To the dozens of Burrillville residents and anti-fossil fuel activists from around the state, the city council meeting confirmed the existence of the “third option” ominously hinted at by Attorney Richard Sinapi at a meeting of the Harrisville Fire District and Water Board back in August. At that time Harrisville voted not to sell water to Invenergy, and it was known at that time that Pascoag was also going to vote against selling the power plant water.
Rumors had been swirling for weeks that Woonsocket was in negotiations with Invenergy regarding water. RI Future had put in an Access to Public Records Act request with the city on September 23rd regarding this issue. BASE (Burrillville Against Spectra Expansion), took to Facebook to ask people to call the office of Mayor Lisa Baldelli-Hunt “and urge her to stop negotiating a water deal with Invenergy.”
The time frame on any potential deal between Invenergy and Woonsocket is difficult to determine. Yesterday Invenergy was given ten days to prepare for a “show cause” hearing with the Energy Facilities Siting Board (EFSB). EFSB board member Janet Coit, who noted that Invenergy lacks a water plan said that, “from the perspective of the board, we have a big gap.” As part of the show cause hearing, Invenergy will have to submit their new water plan. Though Councillor Roger Jalette, (who is running for Mayor of Woonsocket) said that Invenergy might be making their case before a new city council after the elections in four weeks, Invenergy might not have that much time to wait until after an election.
There was also the hint that this issue may have implications for Woonsocket’s mayoral race between Jalette and Baldelli-Hunt, as Jalette said he is sympathetic to Burrillville’s cause.
During the public commentary period, the Woonsocket City Council was given a taste of what the Burrillville Town Council has been experiencing for nearly a year, that is, speaker after speaker objecting to new fossil fuel infrastructure being built in our state at a time when climate change threatens us all. “We don’t want it in our backyard,” said Ray Trinque of Burrillville, “and we don’t want it in your backyard and we don’t want it in anyone’s backyard…”
Burrillville resident Denise Potvin was born in Woonsocket and has family there still. Potvin said that Alan Shoer of Adler Pollock & Sheehan, one of Invenergy’s attorneys, “conveniently happens to be an attorney for the City of Woonsocket’s water department.” She mentioned that attorney Richard Sinapi is an attorney for Harrisville and large labor union with an interest in seeing the power plant built. “A lot happens behind the curtain,” said Potvin. She ended by suggesting the council educate itself by reading articles like this one on RI Future.
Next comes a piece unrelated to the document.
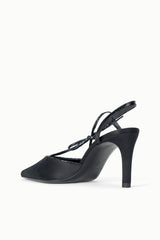 Black slingback heeled sandal with ankle tie strap and pointed toe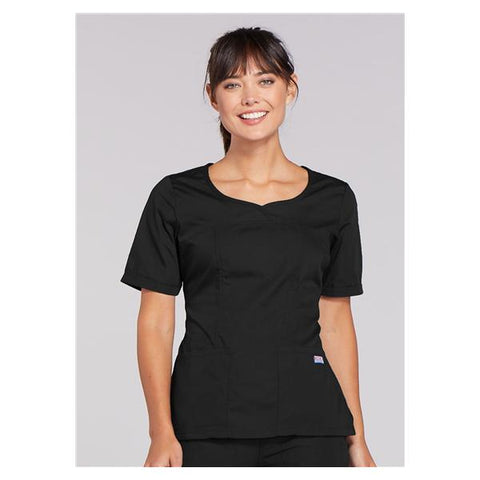 Strategic Partners, Inc Shirt Scrub Cherokee Womens 4X Large Black Each - 4746-BLKW-4XL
City Council Vice President Albert Brien interrupted public testimony and explained that right now, there was no proposal before the council.
Councillor Roger Jalette is leaving the city council as he runs against Lisa Baldelli-Hunt for Mayor of Woonsocket. “I want you to know that I am very very sensitive to your plight,” said Jalette. Jalette warned that there will be a new city council in four weeks, after the election, as neither he nor Council President Moreau will be on the council.
Burillville resident Jeremy Bailey pointed out that City Solicitor Michael Marcello is also a Ste Representative. Rep Marcello voted against a bill in May that would have allowed Burrillville residents to vote on any proposed tax treaty the town made with Invenergy. Rep Marcello was one of two representatives to attend the Northern Rhode Island Chamber of Commerce’s Eggs & Issues Breakfast Thursday morning where Invenergy‘s director of development John Niland was the guest speaker.